§ **What the exercise asks**
Repeat word for word the lines starting at the one with "Size: 512x574 |" and ending at the final line of the material, both ends included; omit pictures.

§ **Data provided**
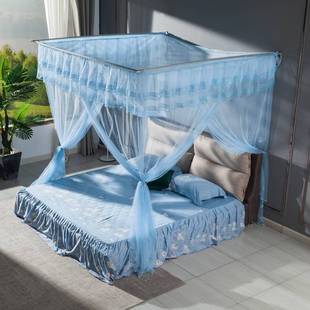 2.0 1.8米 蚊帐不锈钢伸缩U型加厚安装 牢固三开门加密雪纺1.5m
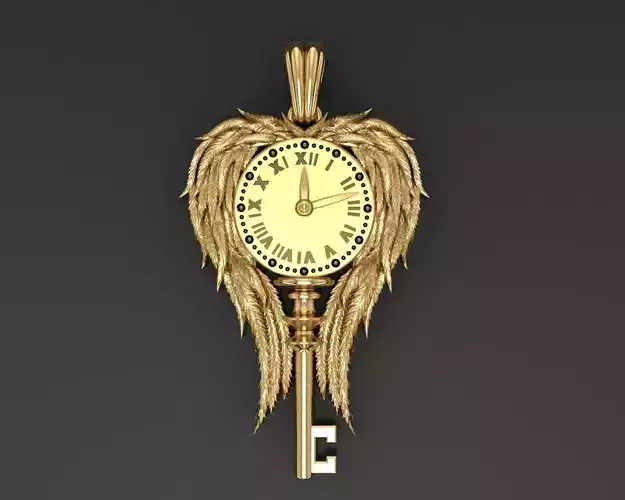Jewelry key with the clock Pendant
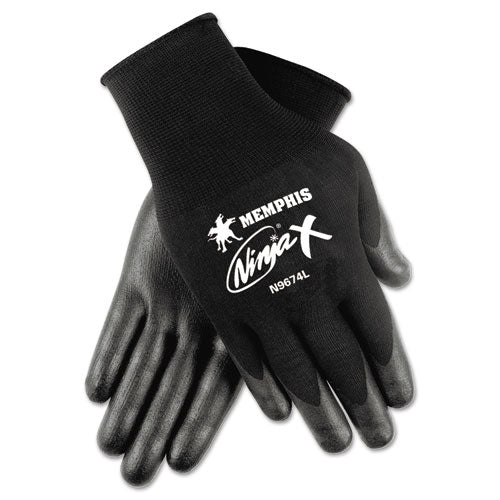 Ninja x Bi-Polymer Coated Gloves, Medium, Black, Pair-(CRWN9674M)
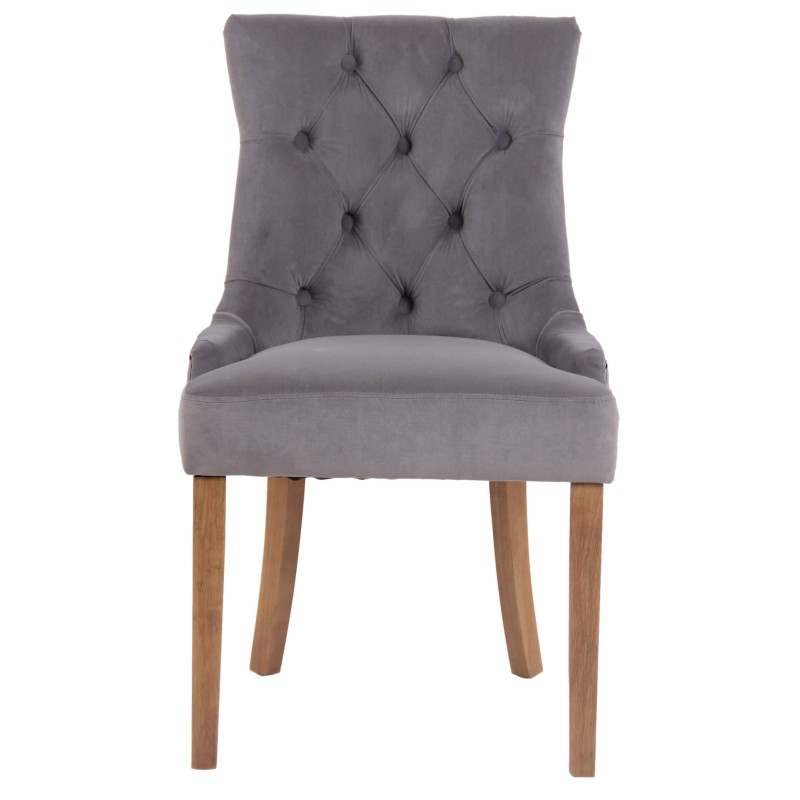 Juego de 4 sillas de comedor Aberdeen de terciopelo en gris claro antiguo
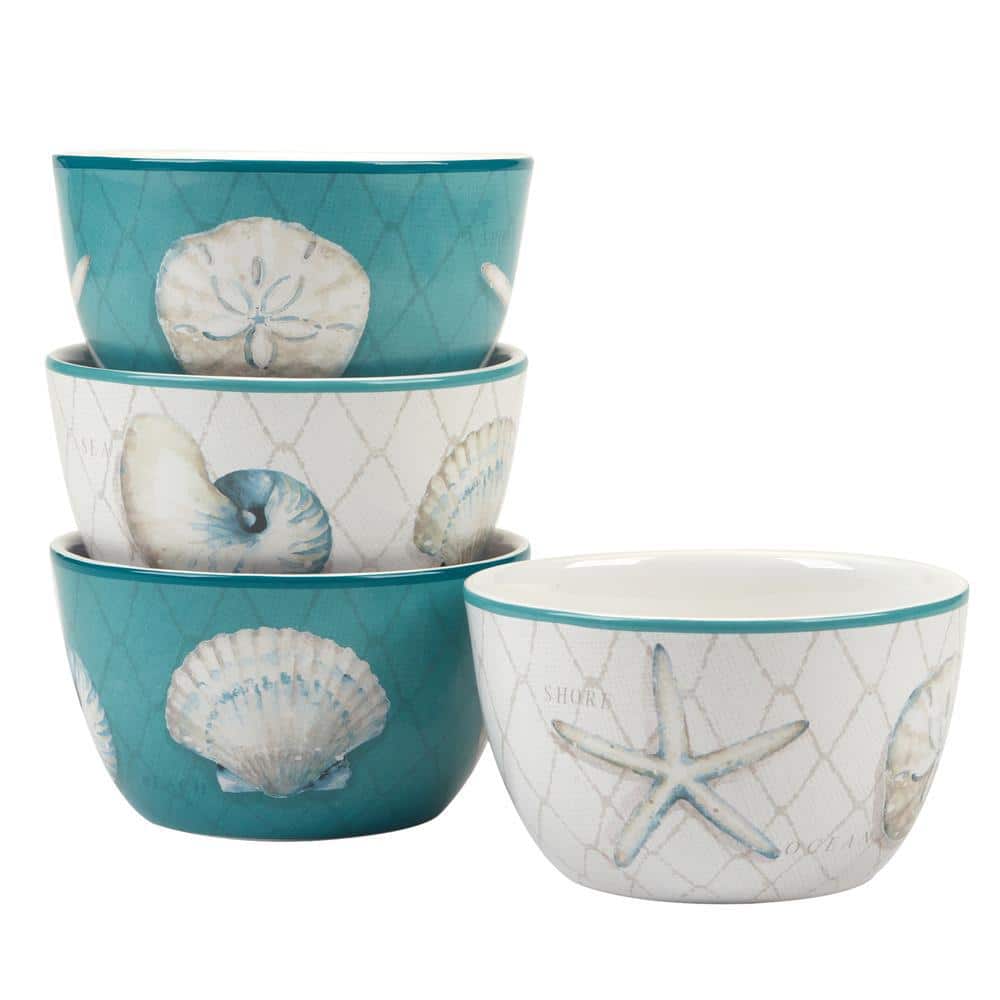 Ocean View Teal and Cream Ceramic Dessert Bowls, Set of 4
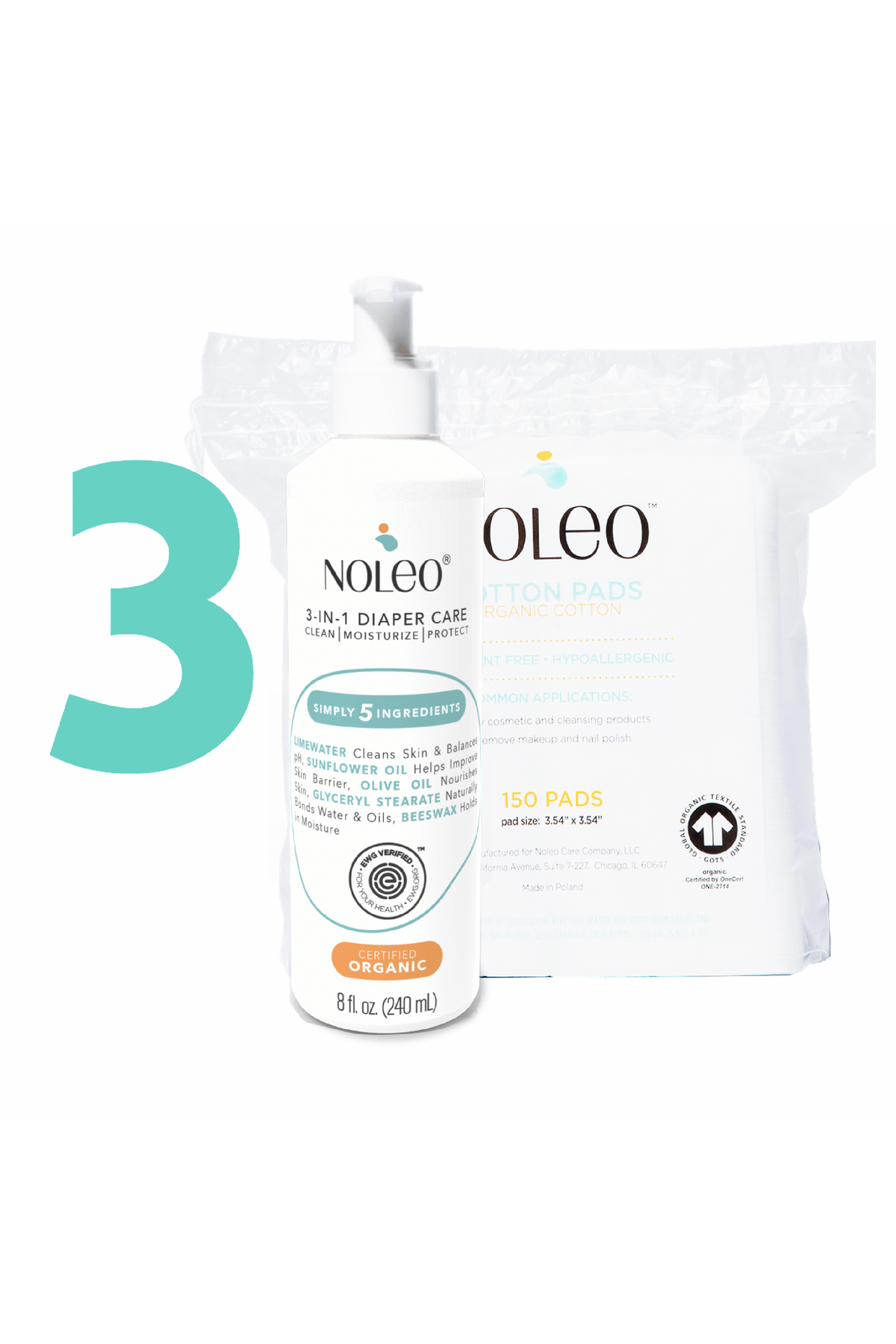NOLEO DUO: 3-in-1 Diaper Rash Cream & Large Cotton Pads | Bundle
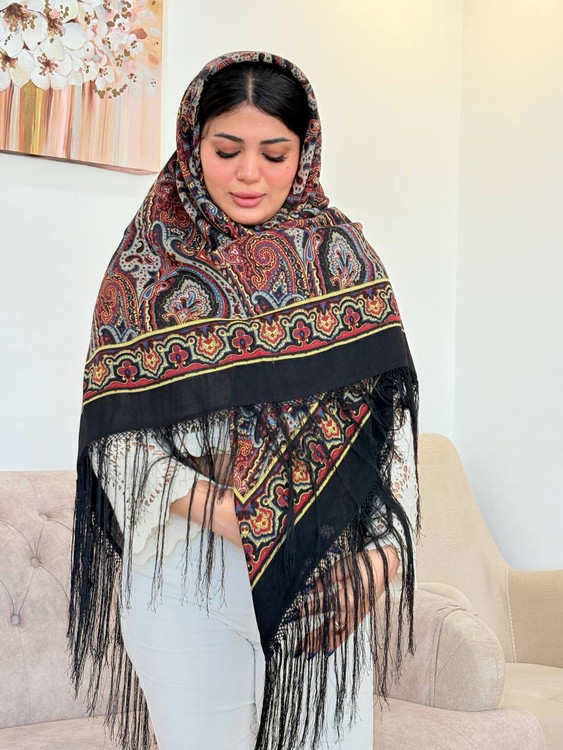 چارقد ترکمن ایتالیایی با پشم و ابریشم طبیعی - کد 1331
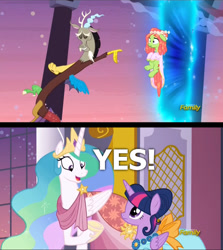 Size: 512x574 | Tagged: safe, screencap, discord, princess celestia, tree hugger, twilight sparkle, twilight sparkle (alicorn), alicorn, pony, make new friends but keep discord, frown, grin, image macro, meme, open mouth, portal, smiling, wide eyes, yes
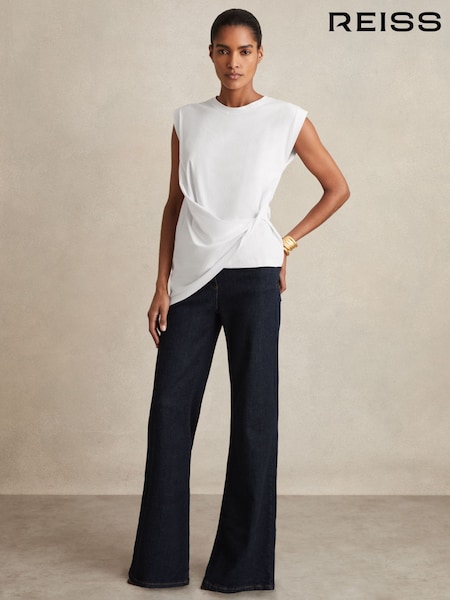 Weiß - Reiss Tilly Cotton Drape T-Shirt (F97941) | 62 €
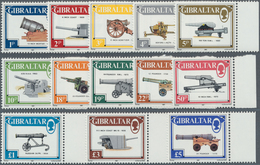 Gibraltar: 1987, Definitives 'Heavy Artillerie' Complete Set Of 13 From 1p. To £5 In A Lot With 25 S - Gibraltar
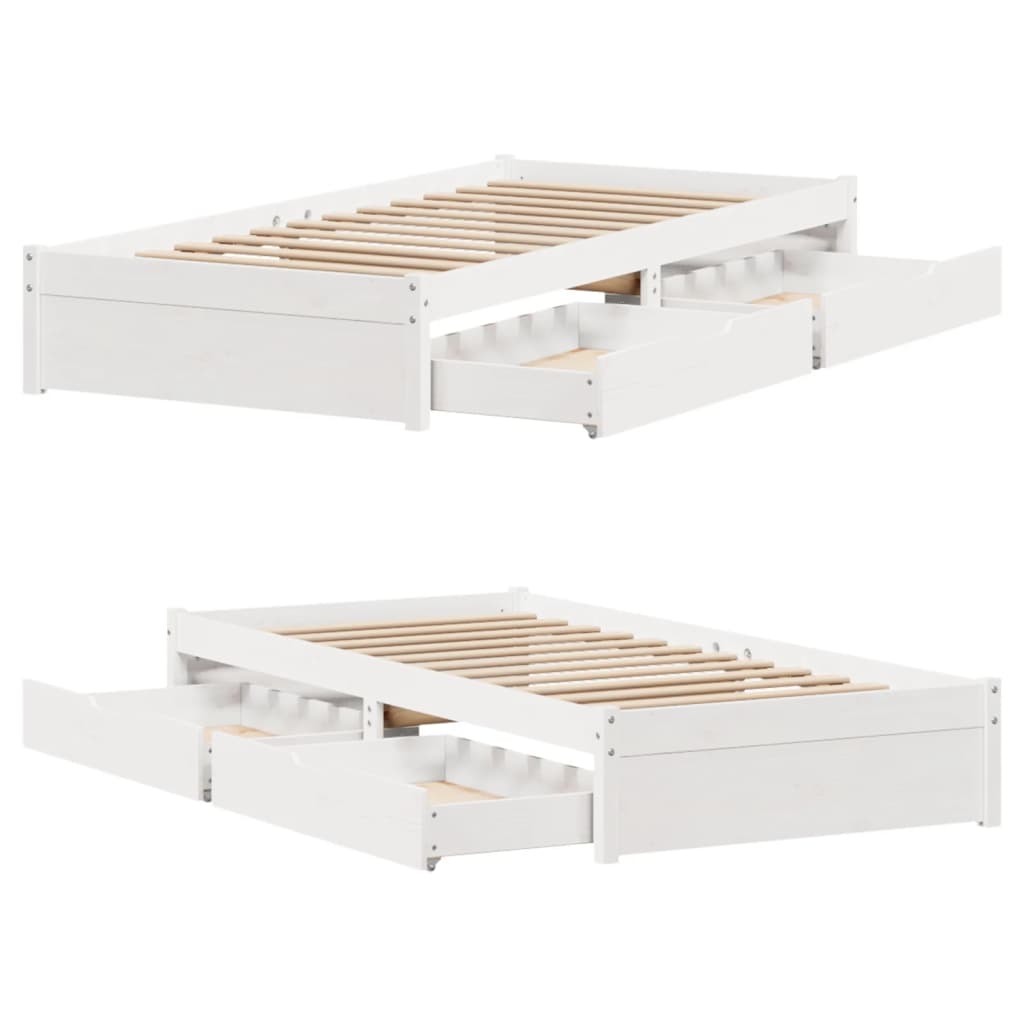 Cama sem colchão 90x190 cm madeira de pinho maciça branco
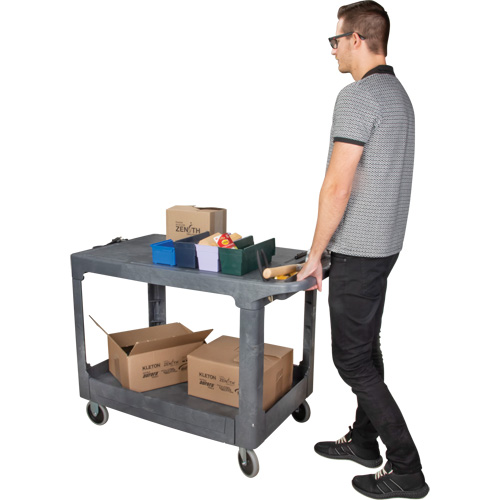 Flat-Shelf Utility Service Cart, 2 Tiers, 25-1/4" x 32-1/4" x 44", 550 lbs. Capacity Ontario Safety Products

§ **Result below**
 Size: 512x574 | Tagged: safe, screencap, discord, princess celestia, tree hugger, twilight sparkle, twilight sparkle (alicorn), alicorn, pony, make new friends but keep discord, frown, grin, image macro, meme, open mouth, portal, smiling, wide eyes, yes
 Weiß - Reiss Tilly Cotton Drape T-Shirt (F97941) | 62 €
 Gibraltar: 1987, Definitives 'Heavy Artillerie' Complete Set Of 13 From 1p. To £5 In A Lot With 25 S - Gibraltar
 Cama sem colchão 90x190 cm madeira de pinho maciça branco
 Flat-Shelf Utility Service Cart, 2 Tiers, 25-1/4" x 32-1/4" x 44", 550 lbs. Capacity Ontario Safety Products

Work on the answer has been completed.